Thread: Re: [GENERAL] Performance while loading data and indexing

Re: [GENERAL] Performance while loading data and indexing

From
Justin Clift
Date:
Shridhar Daithankar wrote:
<snip>
> My friend argues for ext2 to eliminate journalling overhead but I favour
> reiserfs personally having used it in pgbench with 10M rows on paltry 20GB IDE
> disk for 25 tps..

If it's any help, the setup I mentioned before with differnt disks for
the data and the WAL files was getting an average of about 72 tps with
200 concurrent users on pgbench.  Haven't tuned it in a hard core way at
all, and it only has 256MB DDR RAM in it at the moment (single CPU
AthonXP 1600).  These are figures made during the 2.5k+ test runs of
pgbench done when developing pg_autotune recently.

As a curiosity point, how predictable are the queries you're going to be
running on your database?  They sound very simple and very predicatable.

The pg_autotune tool might be your friend here.  It can deal with
arbitrary SQL instead of using the pg_bench stuff of Tatsuos, and it can
also deal with an already loaded database.  You'd just have to tweak the
names of the tables that it vacuums and the names of the indexes that it
reindexes between each run, to get some idea of your overall server
performance at different load points.

Probably worth taking a good look at if you're not afraid of editing
variables in C code.  :)

> We will be attempting raiserfs and/or XFS if required. I know how much speed
> difference exists between resiserfs and ext2. Would not be surprised if
> everythng just starts screaming in one go..
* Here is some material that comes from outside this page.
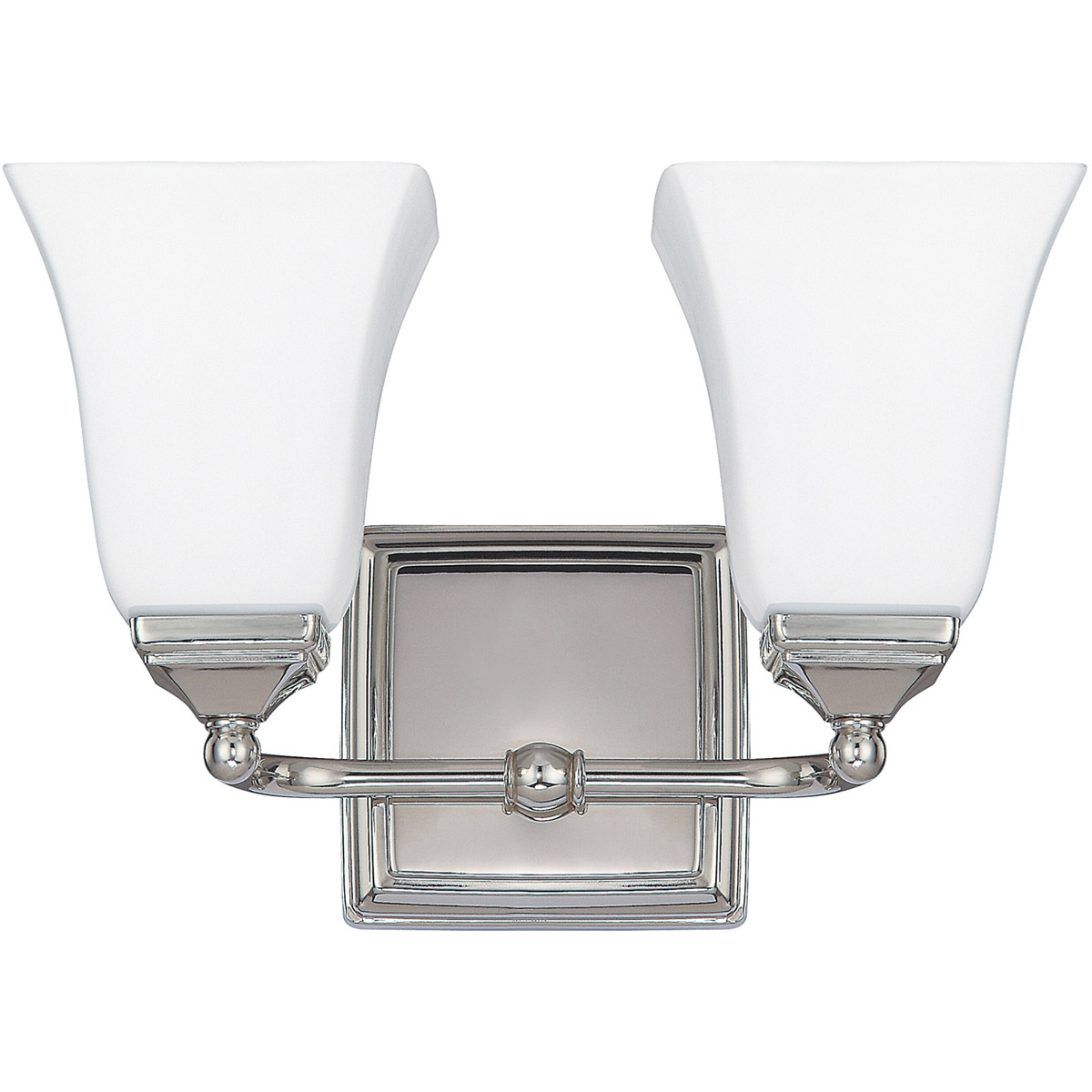 Tatum 2 Light 12.5 inch Polished Nickel Vanity Light Wall Light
We'd all probably be interested to hear this.  Added the PostgreSQL
"Performance" mailing list to this thread too, Just In Case. (wow that's
a lot of cross posting now).

Regards and best wishes,

Justin Clift

> Bye
>  Shridhar
>
> --
> Cropp's Law:    The amount of work done varies inversly with the time spent in the
> office.
>
> ---------------------------(end of broadcast)---------------------------
> TIP 3: if posting/reading through Usenet, please send an appropriate
> subscribe-nomail command to majordomo@postgresql.org so that your
> message can get through to the mailing list cleanly

--
"My grandfather once told me that there are two kinds of people: those
who work and those who take the credit. He told me to try to be in the
first group; there was less competition there."
   - Indira Gandhi

Re: [GENERAL] Performance while loading data and indexing

From
"Shridhar Daithankar"
Date:
On 27 Sep 2002 at 1:12, Justin Clift wrote:

> Shridhar Daithankar wrote:
> As a curiosity point, how predictable are the queries you're going to be
> running on your database?  They sound very simple and very predicatable.
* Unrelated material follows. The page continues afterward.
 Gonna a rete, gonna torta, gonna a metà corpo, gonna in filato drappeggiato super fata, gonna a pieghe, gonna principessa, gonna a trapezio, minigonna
Mostly predictable selects. Not a domain expert on telecom so not very sure.
But in my guess prepare statement in 7.3 should come pretty handy. i.e. by the
time we finish evaluation and test deployment, 7.3 will be out in next couple
of months to say so. So I would recommend doing it 7.3 way only..
>
> The pg_autotune tool might be your friend here.  It can deal with
> arbitrary SQL instead of using the pg_bench stuff of Tatsuos, and it can
> also deal with an already loaded database.  You'd just have to tweak the
> names of the tables that it vacuums and the names of the indexes that it
> reindexes between each run, to get some idea of your overall server
> performance at different load points.
>
> Probably worth taking a good look at if you're not afraid of editing
> variables in C code.  :)

Gladly. We started with altering pgbench here for testing and rapidly settled
to perl generated random queries. Once postgresql wins the evaluation match and
things come to implementation, pg_autotune would be a handy tool. Just that
can't do it right now. Have to fight mysql and SAP DB before that..

BTW any performance figures on SAP DB? People here are as it frustrated with it
with difficulties in setting it up. But still..
>

> > We will be attempting raiserfs and/or XFS if required. I know how much speed
> > difference exists between resiserfs and ext2. Would not be surprised if
> > everythng just starts screaming in one go..
>
> We'd all probably be interested to hear this.  Added the PostgreSQL
> "Performance" mailing list to this thread too, Just In Case. (wow that's
> a lot of cross posting now).

I know..;-) Glad that PG list does not have strict policies like no non-
subscriber posting or no attachments.. etc..

IMO reiserfs, though journalling one, is faster than ext2 etc. because the way
it handles metadata. Personally I haven't come across ext2 being faster than
reiserfs on few machine here for day to day use.

I guess I should have a freeBSD CD handy too.. Just to give it a try. If it
comes down to a better VM.. though using 2.4.19 here.. so souldn't matter
much..

I will keep you guys posted on file system stuff... Glad that we have much
flexibility with postgresql..

Bye
 Shridhar

--
Bilbo's First Law:    You cannot count friends that are all packed up in barrels.